After the Great Recession, it seemed the appetite for publicly financing new sports stadiums had mostly waned. Since 2010, just 14% of the $16 billion spent on stadiums was publicly financed, according to an analysis of a University of Chicago study.
But over the next decade, many of the 30- and 40-year leases for the taxpayer-funded facilities will be up for renewal. And governments and team owners will have to decide whether it’s better to remodel the old stadiums or build new ones. That decision will largely come down to how well the venues have been maintained over the years, said Marty Conway, a sports business expert.

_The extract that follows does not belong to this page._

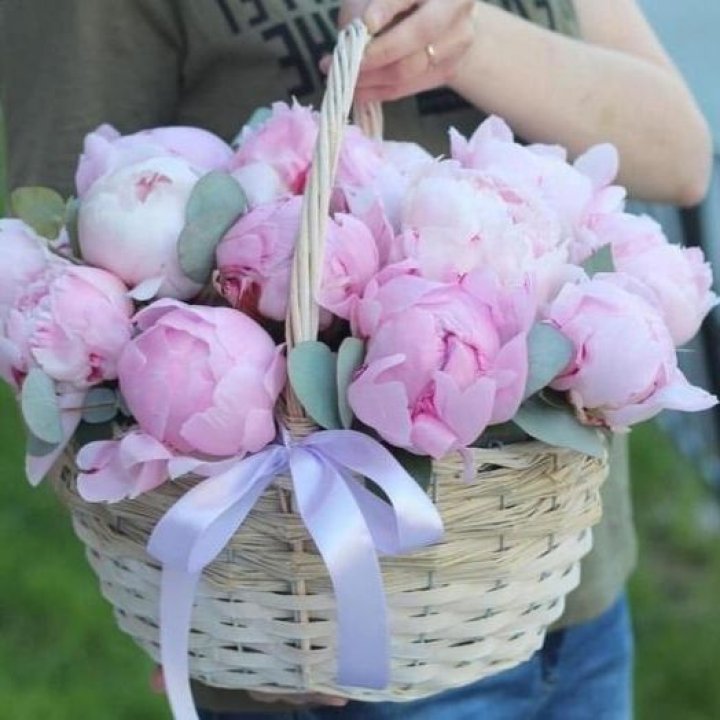 15 пионов в корзине в Чите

In Nashville, for example, Burke Nihill, president and CEO of the Tennessee Titans NFL team, said that city-owned Nissan Stadium has had water infiltration issues that have been worked on since 2015 and that utilities at the site are near the end of their useful life because of inefficient water pumping through old pipes. What’s more, the stadium has not had any renovations since it was built in 1997.
“Just understanding that the condition of this building, the increasing NFL standards and really all standards for building [means] that we had to stop plugging holes and come up with a comprehensive solution,” he told The Tennessean.

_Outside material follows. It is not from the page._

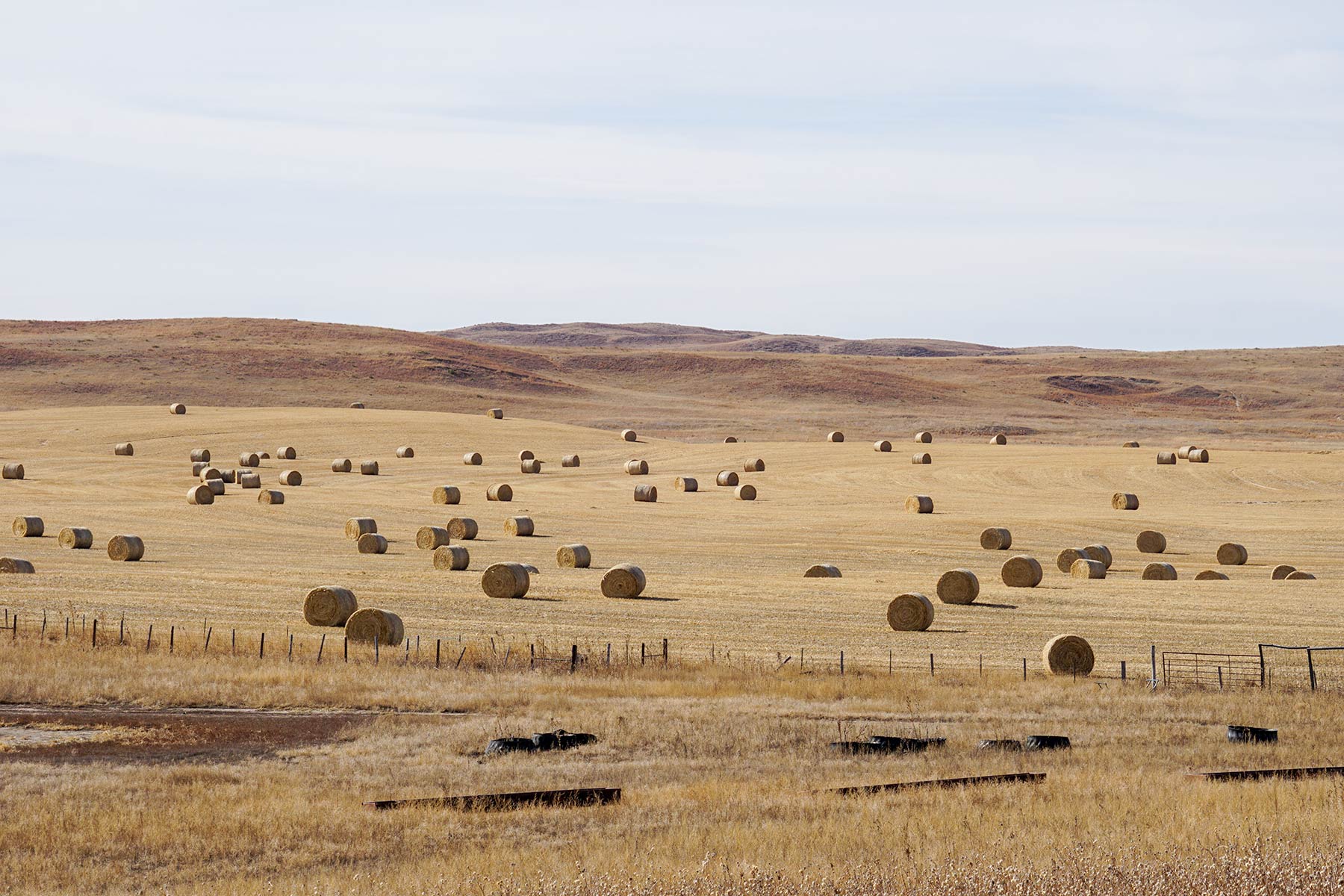 Diversified Sandhills Ranch property picture 15 of 53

Nihill argues that building a new stadium is the better value for the Metropolitan Sports Authority. According to an analysis by construction firm AECOM Hunt, Nissan Stadium will need close to $900 million in upgrades to remain stable until 2039. That’s in addition to the $1.2 billion needed to renovate the facility today. Those costs combined would roughly equal the projected cost of a new stadium.
In Maryland, where the state owns Oriole Park at Camden Yards (built in 1992) and M&T Bank Stadium (built 1998) it’s a different story. Both structures will undergo renovations with total funding of $1.2 billion from the state. In those cases, the buildings maintained by the Maryland Stadium Authority have had upgrades to suites and amenities to remain commercially competitive.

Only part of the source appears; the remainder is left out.